EXERCISE REQUIREMENTS
Below are entries; output exactly the lines from the one with "In this example" to the one with "Hi guys! In", both included, and nothing else.

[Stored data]
"""

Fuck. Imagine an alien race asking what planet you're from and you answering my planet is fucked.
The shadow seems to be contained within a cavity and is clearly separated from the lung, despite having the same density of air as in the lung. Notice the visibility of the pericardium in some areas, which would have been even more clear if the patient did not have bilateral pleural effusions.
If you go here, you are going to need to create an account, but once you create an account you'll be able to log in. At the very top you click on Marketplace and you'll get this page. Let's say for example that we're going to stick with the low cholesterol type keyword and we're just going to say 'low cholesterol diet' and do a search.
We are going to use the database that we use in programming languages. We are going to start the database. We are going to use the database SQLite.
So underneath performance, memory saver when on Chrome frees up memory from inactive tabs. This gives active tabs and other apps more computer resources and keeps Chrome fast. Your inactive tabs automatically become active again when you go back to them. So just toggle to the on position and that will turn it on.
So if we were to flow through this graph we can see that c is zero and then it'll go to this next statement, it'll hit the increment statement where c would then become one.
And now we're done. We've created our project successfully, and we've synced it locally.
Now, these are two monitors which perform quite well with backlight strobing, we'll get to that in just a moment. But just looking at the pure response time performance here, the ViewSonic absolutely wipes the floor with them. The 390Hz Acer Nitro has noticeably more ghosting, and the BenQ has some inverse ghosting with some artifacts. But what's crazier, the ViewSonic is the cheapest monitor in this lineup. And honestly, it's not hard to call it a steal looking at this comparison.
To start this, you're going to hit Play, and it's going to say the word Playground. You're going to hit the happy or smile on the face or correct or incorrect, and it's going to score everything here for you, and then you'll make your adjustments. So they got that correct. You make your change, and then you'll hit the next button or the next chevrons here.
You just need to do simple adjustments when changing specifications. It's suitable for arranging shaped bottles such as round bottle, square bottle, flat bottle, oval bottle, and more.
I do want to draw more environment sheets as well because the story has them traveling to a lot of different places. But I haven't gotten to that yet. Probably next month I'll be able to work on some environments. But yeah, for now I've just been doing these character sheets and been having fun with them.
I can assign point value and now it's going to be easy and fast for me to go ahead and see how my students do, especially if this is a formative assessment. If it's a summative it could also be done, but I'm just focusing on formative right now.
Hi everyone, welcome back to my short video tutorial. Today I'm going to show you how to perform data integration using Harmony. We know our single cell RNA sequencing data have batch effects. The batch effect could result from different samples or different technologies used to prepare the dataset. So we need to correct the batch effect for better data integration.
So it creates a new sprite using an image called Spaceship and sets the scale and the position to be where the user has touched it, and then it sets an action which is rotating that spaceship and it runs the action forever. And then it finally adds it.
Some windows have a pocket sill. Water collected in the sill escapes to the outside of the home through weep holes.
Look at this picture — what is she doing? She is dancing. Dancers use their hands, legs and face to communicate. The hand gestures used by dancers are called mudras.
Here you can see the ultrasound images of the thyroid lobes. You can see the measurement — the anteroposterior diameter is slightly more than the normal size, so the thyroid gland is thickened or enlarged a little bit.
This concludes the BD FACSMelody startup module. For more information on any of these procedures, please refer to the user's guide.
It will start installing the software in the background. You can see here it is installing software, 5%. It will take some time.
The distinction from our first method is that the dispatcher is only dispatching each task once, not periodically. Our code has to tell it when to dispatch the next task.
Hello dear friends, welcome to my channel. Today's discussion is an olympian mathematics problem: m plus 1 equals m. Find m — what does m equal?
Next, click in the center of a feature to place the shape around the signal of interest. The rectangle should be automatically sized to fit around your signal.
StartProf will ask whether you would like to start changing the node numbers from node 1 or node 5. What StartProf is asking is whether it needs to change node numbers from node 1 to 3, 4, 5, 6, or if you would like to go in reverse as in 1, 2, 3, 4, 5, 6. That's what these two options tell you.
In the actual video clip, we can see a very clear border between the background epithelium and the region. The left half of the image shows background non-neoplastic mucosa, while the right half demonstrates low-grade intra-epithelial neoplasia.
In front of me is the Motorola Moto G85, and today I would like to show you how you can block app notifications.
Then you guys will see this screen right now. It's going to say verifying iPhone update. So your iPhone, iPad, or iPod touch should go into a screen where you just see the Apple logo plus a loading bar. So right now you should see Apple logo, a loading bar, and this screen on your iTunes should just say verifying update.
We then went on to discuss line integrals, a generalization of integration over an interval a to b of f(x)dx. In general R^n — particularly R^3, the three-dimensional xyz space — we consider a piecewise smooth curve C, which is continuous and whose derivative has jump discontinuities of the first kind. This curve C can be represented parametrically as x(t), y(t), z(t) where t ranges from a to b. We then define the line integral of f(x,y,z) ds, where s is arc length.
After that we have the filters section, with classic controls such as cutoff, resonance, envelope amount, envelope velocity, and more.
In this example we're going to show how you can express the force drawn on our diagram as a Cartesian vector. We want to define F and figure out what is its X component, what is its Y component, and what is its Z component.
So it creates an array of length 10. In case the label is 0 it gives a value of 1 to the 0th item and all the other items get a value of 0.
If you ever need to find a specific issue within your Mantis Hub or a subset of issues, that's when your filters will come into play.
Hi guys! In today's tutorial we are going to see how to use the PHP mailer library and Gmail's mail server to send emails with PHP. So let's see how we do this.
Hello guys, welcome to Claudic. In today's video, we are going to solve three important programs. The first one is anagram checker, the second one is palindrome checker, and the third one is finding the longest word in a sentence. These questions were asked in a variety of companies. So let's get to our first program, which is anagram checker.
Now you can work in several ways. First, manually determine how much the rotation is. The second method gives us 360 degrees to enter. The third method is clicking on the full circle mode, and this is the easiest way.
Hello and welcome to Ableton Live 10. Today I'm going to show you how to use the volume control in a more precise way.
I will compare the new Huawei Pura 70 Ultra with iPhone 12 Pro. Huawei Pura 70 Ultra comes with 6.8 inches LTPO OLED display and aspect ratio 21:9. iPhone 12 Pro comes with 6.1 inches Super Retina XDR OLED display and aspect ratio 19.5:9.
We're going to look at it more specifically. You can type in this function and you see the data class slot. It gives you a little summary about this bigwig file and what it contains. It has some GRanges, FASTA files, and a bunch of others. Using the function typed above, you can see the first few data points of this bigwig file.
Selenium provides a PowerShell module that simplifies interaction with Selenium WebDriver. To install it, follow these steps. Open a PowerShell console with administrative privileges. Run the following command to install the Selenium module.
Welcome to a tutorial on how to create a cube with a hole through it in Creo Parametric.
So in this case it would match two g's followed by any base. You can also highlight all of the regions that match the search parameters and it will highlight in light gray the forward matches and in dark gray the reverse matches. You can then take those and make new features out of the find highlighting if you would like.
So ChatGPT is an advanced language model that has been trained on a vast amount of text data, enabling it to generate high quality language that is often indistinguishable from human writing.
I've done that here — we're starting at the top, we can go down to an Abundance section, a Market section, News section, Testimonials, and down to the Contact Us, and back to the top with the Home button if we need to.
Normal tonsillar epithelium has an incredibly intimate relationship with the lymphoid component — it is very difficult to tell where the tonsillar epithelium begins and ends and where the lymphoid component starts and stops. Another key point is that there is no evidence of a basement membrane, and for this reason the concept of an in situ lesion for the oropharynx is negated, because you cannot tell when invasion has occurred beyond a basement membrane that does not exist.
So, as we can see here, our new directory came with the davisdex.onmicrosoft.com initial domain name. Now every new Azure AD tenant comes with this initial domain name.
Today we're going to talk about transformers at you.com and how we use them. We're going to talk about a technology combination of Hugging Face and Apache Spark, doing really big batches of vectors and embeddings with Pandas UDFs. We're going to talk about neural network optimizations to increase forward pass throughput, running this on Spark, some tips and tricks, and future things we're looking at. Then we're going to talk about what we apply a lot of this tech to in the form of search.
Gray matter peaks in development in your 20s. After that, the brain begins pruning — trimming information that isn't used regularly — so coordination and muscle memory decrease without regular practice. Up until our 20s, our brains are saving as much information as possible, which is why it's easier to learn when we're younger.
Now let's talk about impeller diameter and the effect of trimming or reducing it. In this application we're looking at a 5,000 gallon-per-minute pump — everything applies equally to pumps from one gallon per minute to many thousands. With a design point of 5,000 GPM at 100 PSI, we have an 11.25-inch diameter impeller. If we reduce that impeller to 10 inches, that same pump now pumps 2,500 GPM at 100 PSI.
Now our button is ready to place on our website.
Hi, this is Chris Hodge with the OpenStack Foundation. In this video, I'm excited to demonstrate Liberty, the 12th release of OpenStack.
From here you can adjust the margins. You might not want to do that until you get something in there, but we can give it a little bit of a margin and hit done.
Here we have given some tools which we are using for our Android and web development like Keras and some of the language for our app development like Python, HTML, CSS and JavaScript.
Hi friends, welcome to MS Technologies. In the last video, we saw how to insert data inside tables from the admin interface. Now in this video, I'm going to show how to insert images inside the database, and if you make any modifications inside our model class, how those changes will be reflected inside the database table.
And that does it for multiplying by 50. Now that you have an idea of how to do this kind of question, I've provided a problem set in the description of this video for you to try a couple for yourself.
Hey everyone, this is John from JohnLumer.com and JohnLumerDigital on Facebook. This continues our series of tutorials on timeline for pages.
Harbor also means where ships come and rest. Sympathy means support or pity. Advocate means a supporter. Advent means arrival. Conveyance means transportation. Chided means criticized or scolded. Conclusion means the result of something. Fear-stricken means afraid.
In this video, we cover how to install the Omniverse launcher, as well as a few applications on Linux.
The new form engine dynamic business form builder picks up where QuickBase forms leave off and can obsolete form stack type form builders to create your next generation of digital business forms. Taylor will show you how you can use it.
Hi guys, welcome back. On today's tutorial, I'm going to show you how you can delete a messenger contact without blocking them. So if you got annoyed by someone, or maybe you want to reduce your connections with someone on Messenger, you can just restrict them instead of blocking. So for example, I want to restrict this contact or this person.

"""

REPLY TO THE EXERCISE
In this example we're going to show how you can express the force drawn on our diagram as a Cartesian vector. We want to define F and figure out what is its X component, what is its Y component, and what is its Z component.
So it creates an array of length 10. In case the label is 0 it gives a value of 1 to the 0th item and all the other items get a value of 0.
If you ever need to find a specific issue within your Mantis Hub or a subset of issues, that's when your filters will come into play.
Hi guys! In today's tutorial we are going to see how to use the PHP mailer library and Gmail's mail server to send emails with PHP. So let's see how we do this.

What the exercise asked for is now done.